The jihadist attack which claimed 12 lives has been blamed on Anis Amri, a Tunisian whose asylum application had been rejected half a year earlier, but could not be expelled because of Tunisian bureaucratic delays. But ahead of the meeting in Berlin, Tunisian Prime Minister Youssef Chahed threw out any criticism.
"One thing that I must say very clearly: the Tunisian authorities have not made any mistakes," Chahed told Germany's biggest selling daily Bild. "Anis Amri was no terrorist when he left Tunisia in 2011, there were no signs that he had been radicalised. "With regards to the identity documents, here too, the Tunisian authorities acted correctly," he said.
Chahed said "cooperation with Germany works very well now" but threw the ball back in Berlin's court. "We need from the German side clear evidence that we are really dealing with Tunisians," he said, estimating the number of his fellow citizens concerned by possible expulsions from Germany at around 1,000. "Illegal immigrants who use false identity documents make it difficult and delay the process."

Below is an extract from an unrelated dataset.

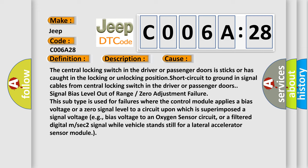Signal bias level out of range or zero adjustment failure. This subtype is used for failures where the control module applies a bias voltage or a zero signal level to a circuit upon which is superimposed a signal voltage, for example, bias voltage to an oxygen sensor circuit, or a filtered digital M or SEC 2 signal while vehicle stands still for a lateral accelerator sensor module.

Merkel has been under pressure to reduce the number of asylum seekers in Germany, after the country took in over a million migrants and refugees since 2015. While most refugees from war-torn Syria have qualified for temporary safe haven, applicants from Tunisia as well as Algeria and Morocco generally have not, because their countries are considered stable.

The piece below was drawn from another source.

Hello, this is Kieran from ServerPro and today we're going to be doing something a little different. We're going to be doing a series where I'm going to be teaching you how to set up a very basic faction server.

Last year the success rates for asylum requests was 3.5 percent for Moroccans, 2.7 percent for Algerians and just 0.8 percent for Tunisians. In a press conference following talks with Chahed, Merkel noted that only 116 Tunisians were repatriated last year.
"That is not fast enough and here we talked about how we can improve this process," she told reporters, raising the prospect of incentives to make returning to Tunisia more appealing. "It works better if we can make (such returns) voluntary. But we must also make it clear, that whoever does not return of their own accord, they would then be returned involuntarily," she said.